■ About this task: Quote exactly the lines from the one with "Custom Texas TX" to the end of the data, both included; omit the pictures.

### Working data

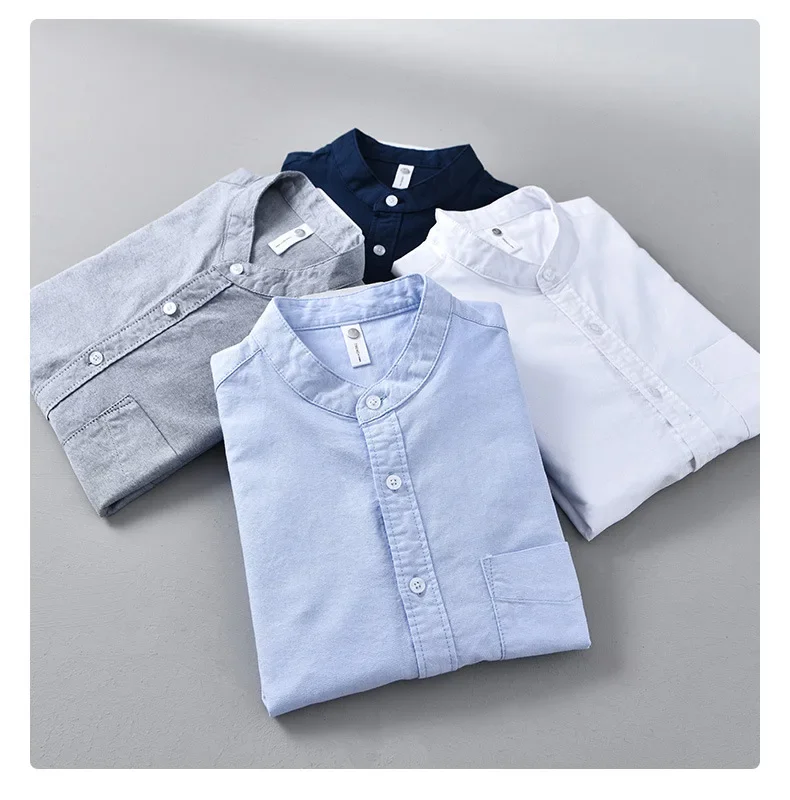 

Spring Simple Man Shirts Korean Style Casual Mens Long Sleeve Shirt Daily Top Solid Oxford Stand Collar Shirt Comfort Clothing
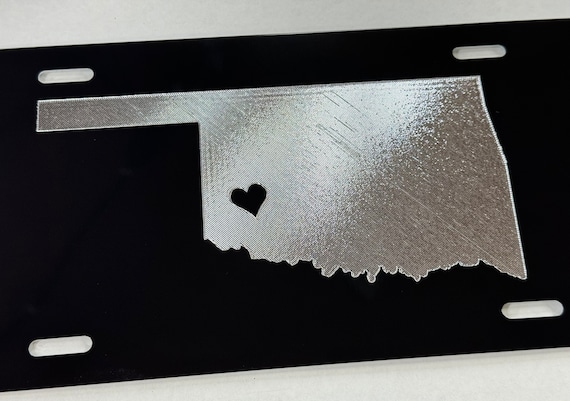 Custom Texas TX State Car Front Vanity License Plate - Diamond Etched, Black Aluminum, 12x6 Inch
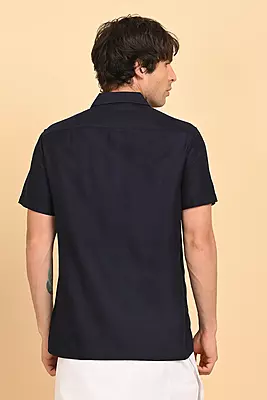 Men Short Sleeve Ethnic Shirt - Navy Blue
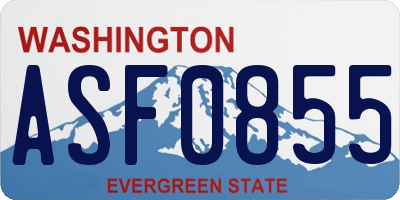 WA license plate ASF0855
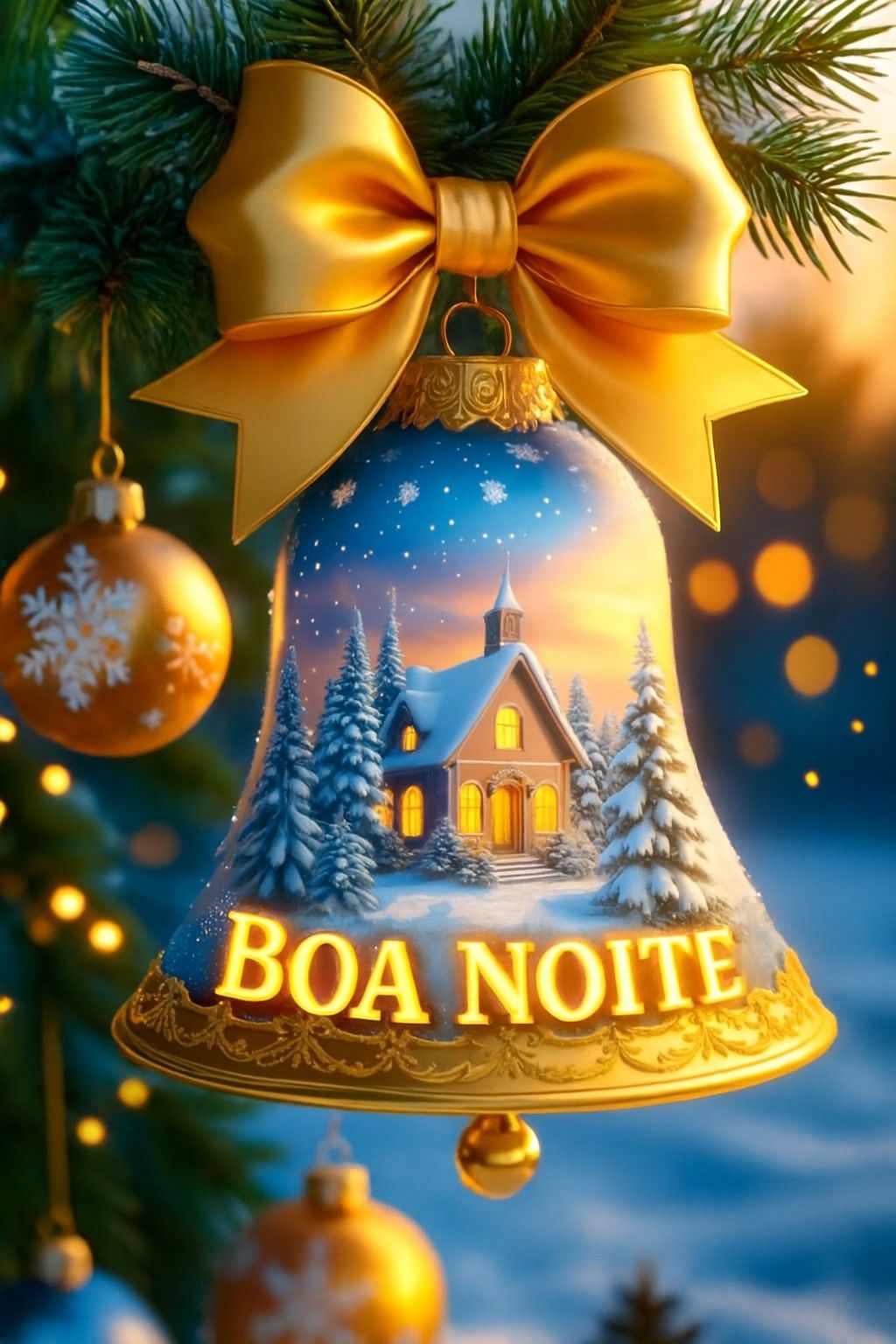 Encantada notificação de boa noite para compartilhar na véspera de Natal.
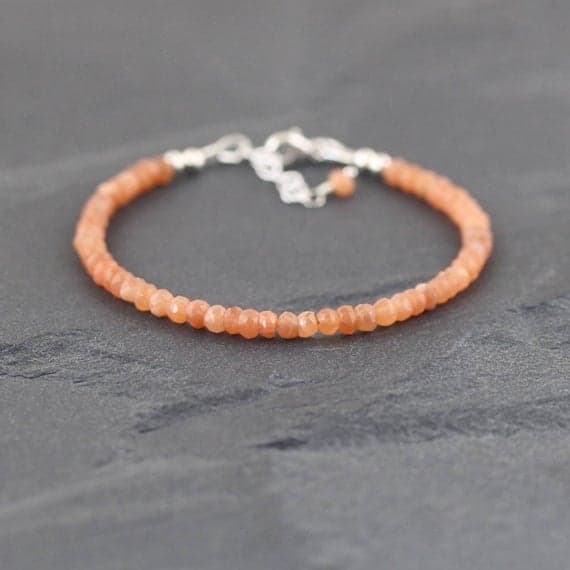 925 sterling Silver Unique Wedding Gift 3.5mm stacking Peach Peach Moonstone Bracelet Rondelle, Faceted 7" for mens, womens, gf, bf & Adult.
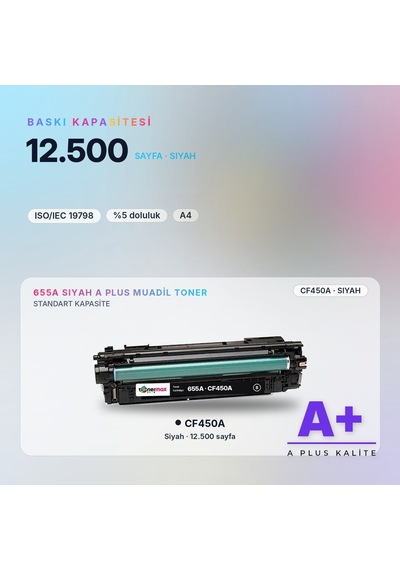 Hp 655a Cf450a Siyah Uyumlu Toner A Plus / Color Laserjet Enterprise M652 / M653 / Mfp M681 / M682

######

■ Task output:
 Custom Texas TX State Car Front Vanity License Plate - Diamond Etched, Black Aluminum, 12x6 Inch
 Men Short Sleeve Ethnic Shirt - Navy Blue
 WA license plate ASF0855
 Encantada notificação de boa noite para compartilhar na véspera de Natal.
 925 sterling Silver Unique Wedding Gift 3.5mm stacking Peach Peach Moonstone Bracelet Rondelle, Faceted 7" for mens, womens, gf, bf & Adult.
 Hp 655a Cf450a Siyah Uyumlu Toner A Plus / Color Laserjet Enterprise M652 / M653 / Mfp M681 / M682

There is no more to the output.